RAPPEL DES FAITS, PROCEDURE ET PRETENTION DES PARTIES

Madame [C] [P] a été engagée par la société Do You Dream Up, pour une durée indéterminée à compter du 12 février 2018, en qualité de directeur de projet, avec le statut de cadre.

La relation de travail est régie par la convention collective «’Syntec’».

Par lettre du 21 juin 2019, Madame [C] était convoquée pour le 4 juillet à un entretien préalable à un licenciement était mise à pied à titre conservatoire. Son licenciement lui a été notifié le 10 juillet suivant pour faute grave, caractérisée par une attitude agressive et des propos diffamatoires à l’égard de ses responsables hiérarchiques et de ses collaborateurs, une attitude inadaptée vis-à-vis des clients, des faits de harcèlement moral à l’encontre du co-fondateur de la société et une grande déloyauté vis-à-vis de cette dernière.

Le 31 juillet 2019, Madame [C] a saisi le conseil de prud’hommes de Paris et formé des demandes afférentes à un licenciement nul pour manquement à la protection due à son état de grossesse et pour harcèlement moral, subsidiairement à un licenciement sans cause réelle et sérieuse, ainsi que des demandes relatives à l’exécution de son contrat de travail.

Par jugement du 25 octobre 2021, le conseil de prud’hommes de Paris a débouté Madame [C] de ses demandes et l’a condamnée aux dépens.

Madame [C] a régulièrement interjeté appel de ce jugement par déclaration du 6 décembre 2021, en visant expressément les dispositions critiquées.
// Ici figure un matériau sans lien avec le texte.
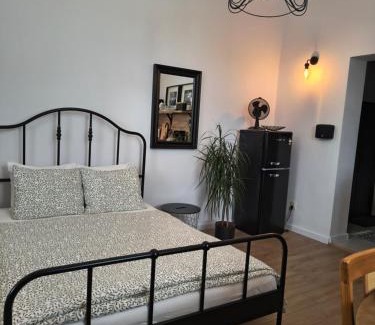 Swidnica Apartamento | Apartament Wieżyczka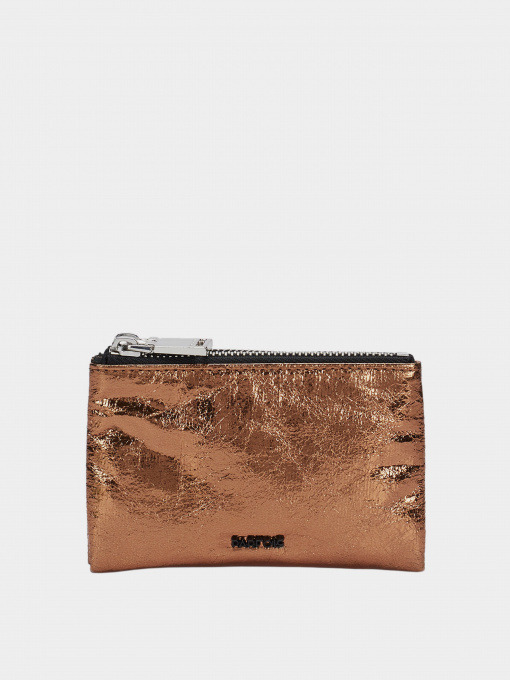 Гаманець Parfois модель 5606428947443 Фото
Aux termes de ses dernières conclusions transmises par voie électronique le 27 juillet 2023, Madame [C] demande l’infirmation du jugement et la condamnation de la société Do You Dream Up à lui payer les sommes suivantes :

– dommages et intérêts pour licenciement nul : 93’750 €’;

– salaires dus jusqu’à la fin de la période de protection : 46’875 €’;

– congés payés afférents : 4’687,50 €’;

– indemnité de licenciement’: 2 604,17 €’;

– indemnité compensatrice de préavis 18 750,02 €’;

– congés payés afférents’:1 875 €’;

– rappel de salaire sur mise à pied conservatoire’: 3 485,02 €’;

– congés payés afférents’: 348,50 €’;

– dommages et intérêts pour harcèlement moral’: 37 500 €’;

– dommages et intérêts pour manquement à l’obligation de sécurité : 25’000 €’;

– dommages et intérêts pour rupture brutale et vexatoire : 18’750 €’;

– rappel d’heures supplémentaires 2018 / 2019 : 18 750 €’;

– congés payés afférents : 1 875 €’;

– indemnité pour travail dissimulé : 37 500 €’;

– indemnité pour frais de procédure : 5 000 €.
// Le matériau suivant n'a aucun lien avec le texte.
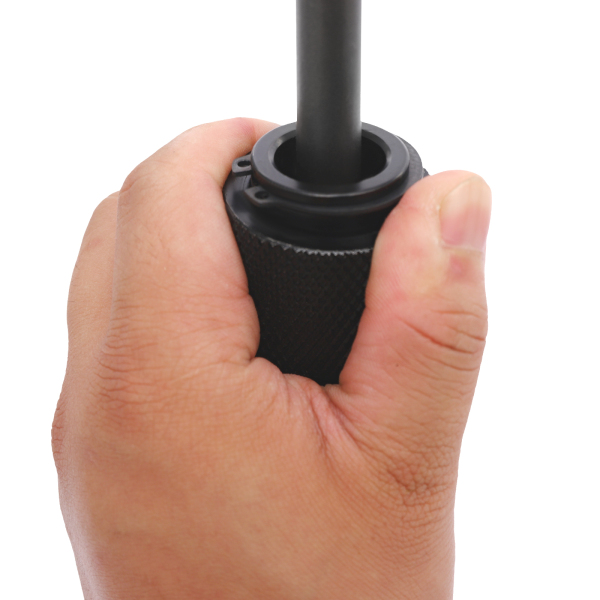 Luchthamerset, multifunctionele pneumatische hamerset, luchthamerset met beitel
– les intérêts au taux légal

– Madame [C] demande également que soit ordonnée la remise de bulletins de salaire, ainsi que d’un certificat de travail et d’une attestation destinée à Pôle emploi, conformes, sous astreinte de 250 € par jour de retard et par document.

Au soutien de ses demandes et en réplique à l’argumentation adverse, Madame [C] expose

que :

– ses conditions de travail se sont rapidement dégradées, en raison essentiellement d’un management et d’un comportement particulièrement hostile et défaillant, caractéristique

de harcèlement moral, de la part des dirigeants et fondateurs de la société, situation entraînant une dégradation de son état de santé’;

– elle a été licenciée sur la base d’accusations totalement fantaisistes et pour des faits prescrits, alors qu’elle se trouvait enceinte’;

– son licenciement constitue une mesure de rétorsion, suite à sa dénonciation du harcèlement moral qu’elle subissait’;

– son licenciement est donc nul pour ces trois motifs’;

– l’entreprise a manqué à son obligation de sécurité à son égard’;

– elle a accompli des heures supplémentaires qui n’ont pas été rémunérées’;

– l’employeur s’est rendu coupable de travail dissimulé.

Aux termes de ses dernières conclusions transmises par voie électronique le 22 mai 2022

En défense, la société Do You Dream Up demande la confirmation du jugement, le rejet des demandes de Madame [C] et sa condamnation à lui verser une indemnité pour frais de procédure de 5’000 €’;’elle fait valoir que :

Madame [C], qui faisait preuve d’une attitude agressive et despotique a commis de nombreux manquements, constitutifs d’une faute grave, justifiant la rupture de son contrat de travail malgré la protection due à son état de grossesse’;

Madame [C] ne produit aucun élément laissant supposer un harcèlement moral’;

l’entreprise n’a commis aucun manquement à son obligation de sécurité’;

Madame [C] ne justifie pas des préjudices allégués’;

elle n’a pas accompli d’heures supplémentaires, passant son temps de travail à la gestion de ses affaires personnelles et exerçant parallèlement une autre activité professionnelle.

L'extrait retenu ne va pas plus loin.